Pursuant to the Settlement Agreement, the Purchase Agreements remain in full force and effect and Smolar is specifically obligated to repay USC "in accordance with the terms, conditions, and other provisions of the Purchase Agreements." (Settlement Agr'm ? ? 3,9; Smolar Dep. 70:18-23.) Therefore, Smolar's obligations under the Settlement Agreement include the performance of Smolar's obligations under the Purchase Agreements. USC claims that Smolar has breached the Settlement Agreement by assigning interests in the Named Claims to Stillwater, in violation of the Purchase Agreements. (Pl.'s Mot. for Summ. J. at 3.)

The Purchase Agreements each contain a representation and warranty that: You [Smolar] have good and marketable title to the Fees and You have not, prior to the date hereof, sold, transferred, assigned and/or conveyed any interest in the Fees to any other person or entity, and You will not do so in the future.
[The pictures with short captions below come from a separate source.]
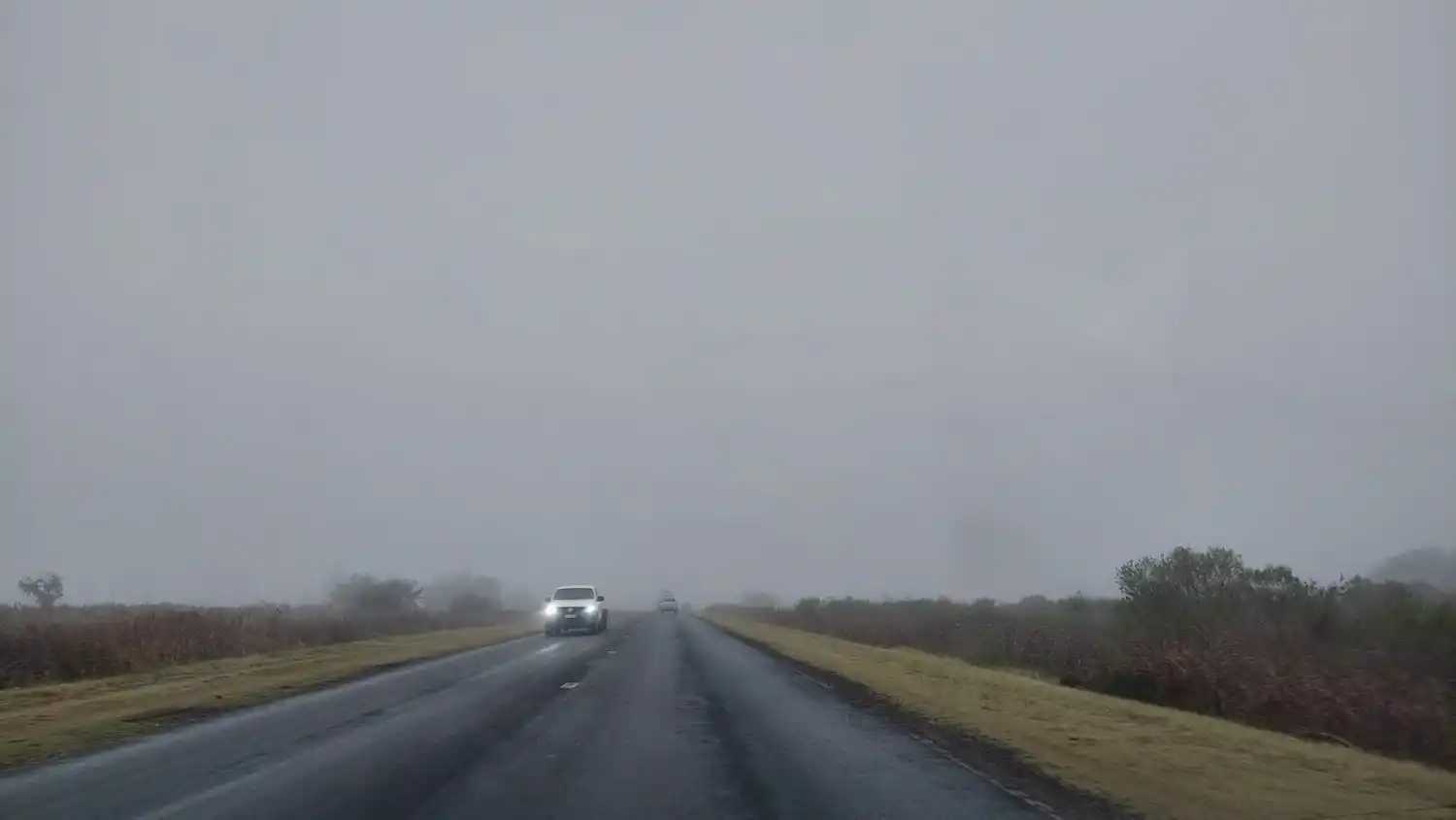 Alerta amarilla: lluvias intensas, granizo y ráfagas de viento durante la noche de hoy y la madrugada del sábado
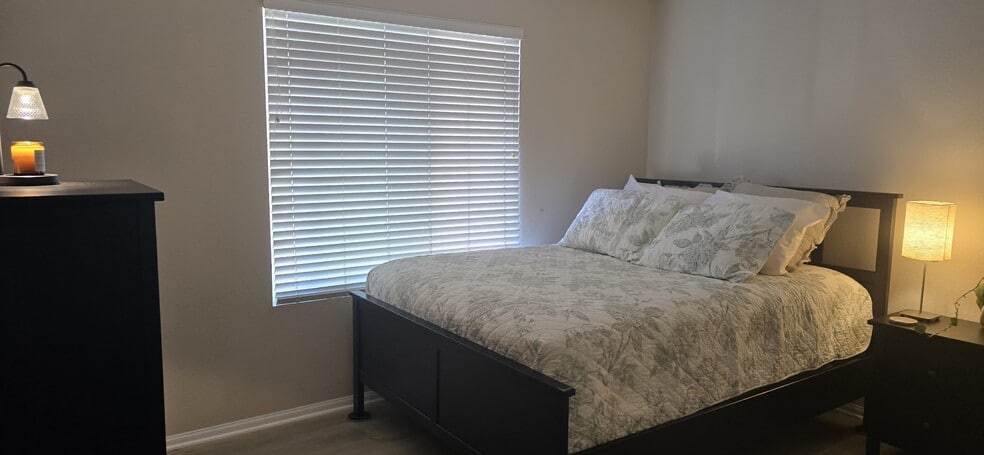 Building Photo - 395 Plaza Calimar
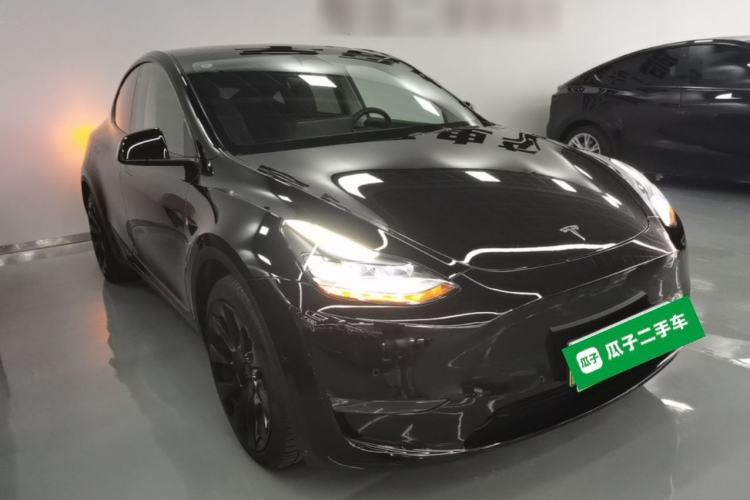 Used Tesla Model Y 2022 Revised Version Long-Range All-Wheel Drive Front Right 45 Deg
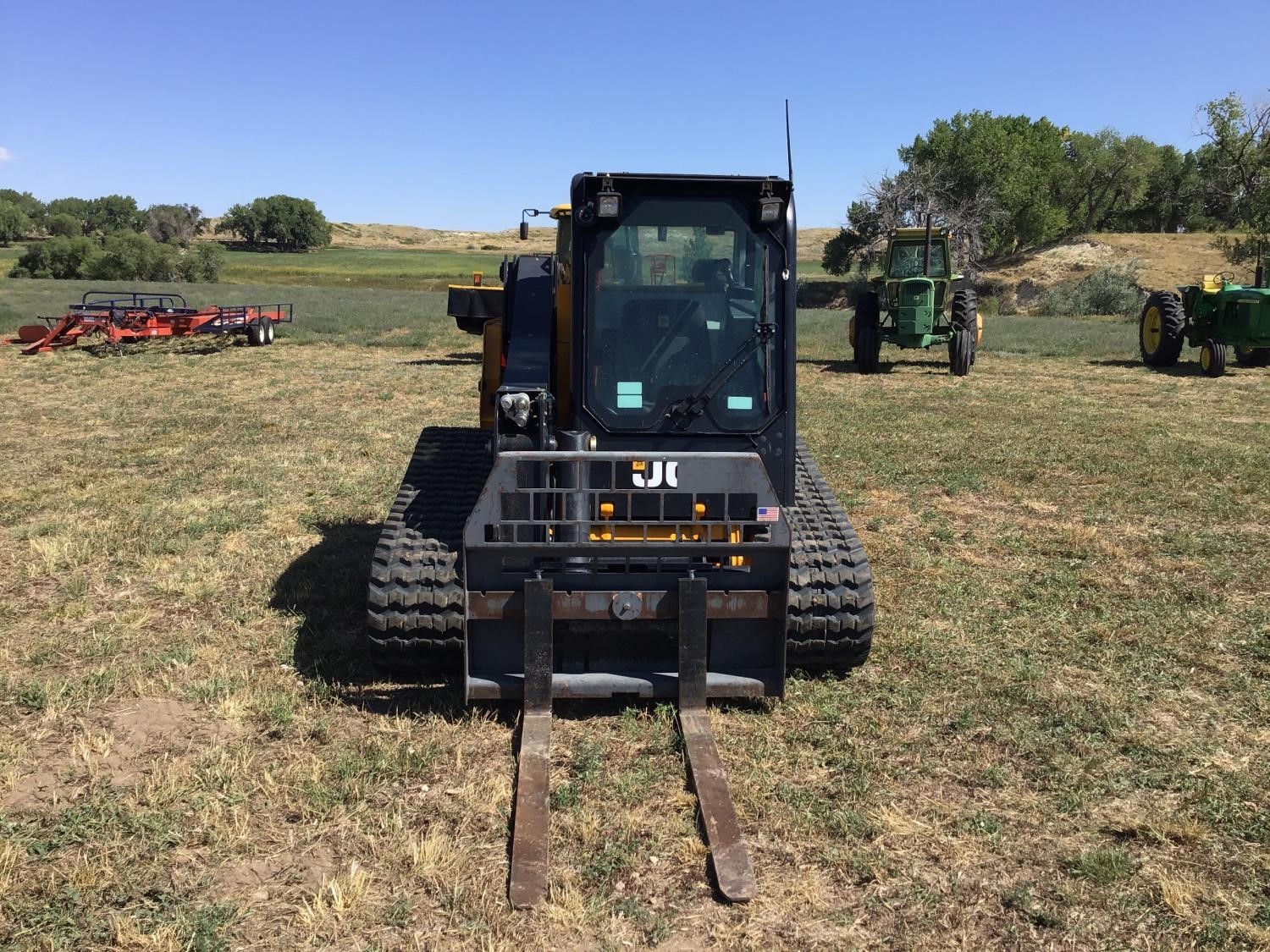 gallery 2015 JCB 260T Skid Steer Track Loader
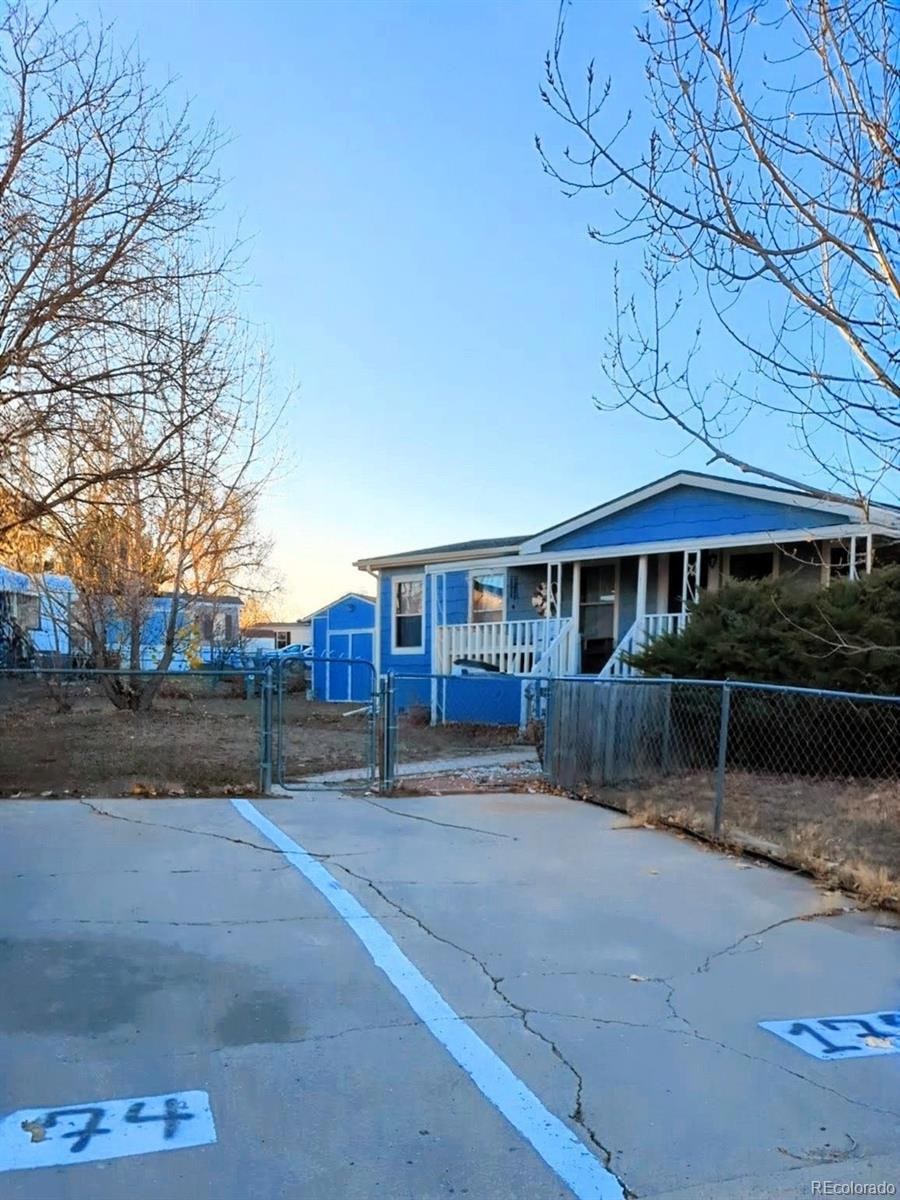 10201 Riverdale Rd unit 174, Thornton, CO 80229 - photo 1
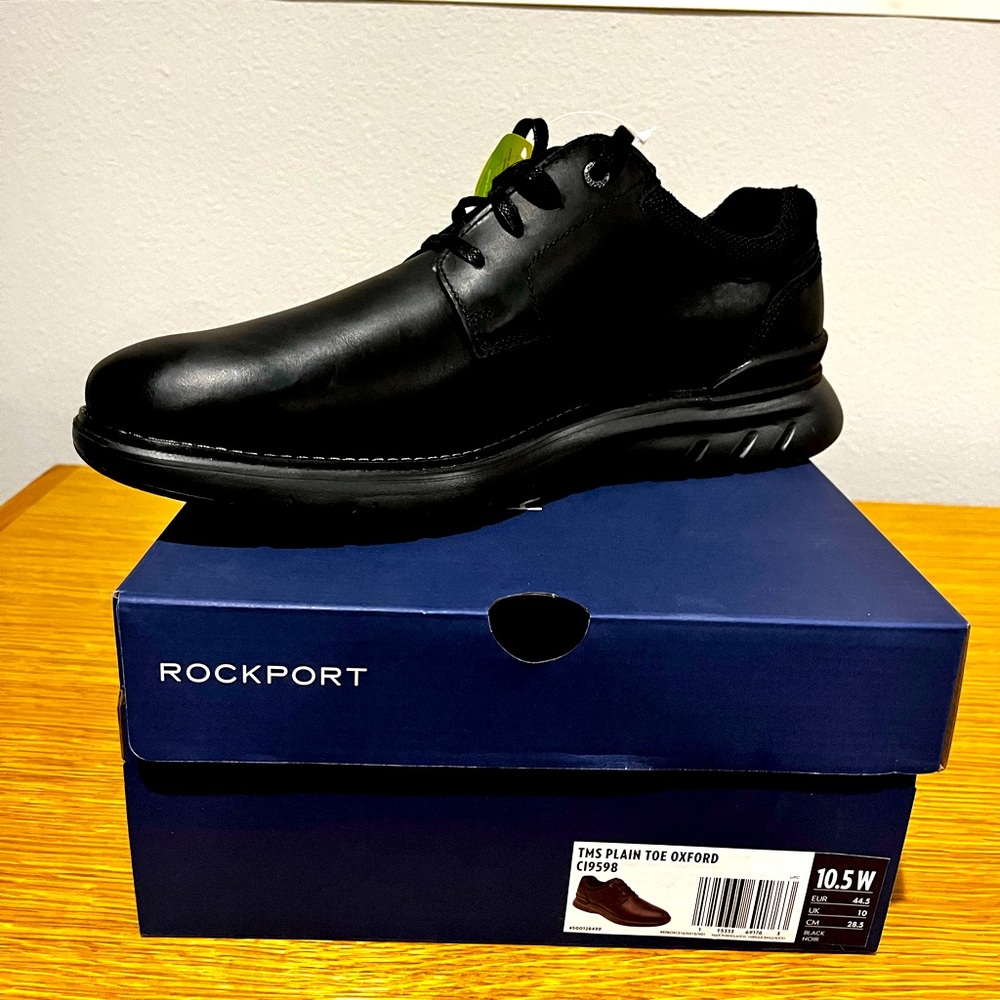 New in box Black Men’s Rockport Total Motion City Plain Toe Oxford 10.5 wide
You understand that any violation of this representation will result in an act of fraud by You which could result in You being held liable for damages in favor of Us [USC], with money to be paid by You to Us. (emphasis added). (Purchase Agr'm 2.) In addition, the Purchase Agreements provide: You [Smolar] shall not, and will not allow any other party...to take funds away from the Interest and/or the Fees...You hereby give up any further rights to sell any rights in the Interest and/or the Fees...You will not do anything or allow anyone else to do anything that could in any way hurt or lessen Our [USC's] rights under this Agreement. (Id. at 3.)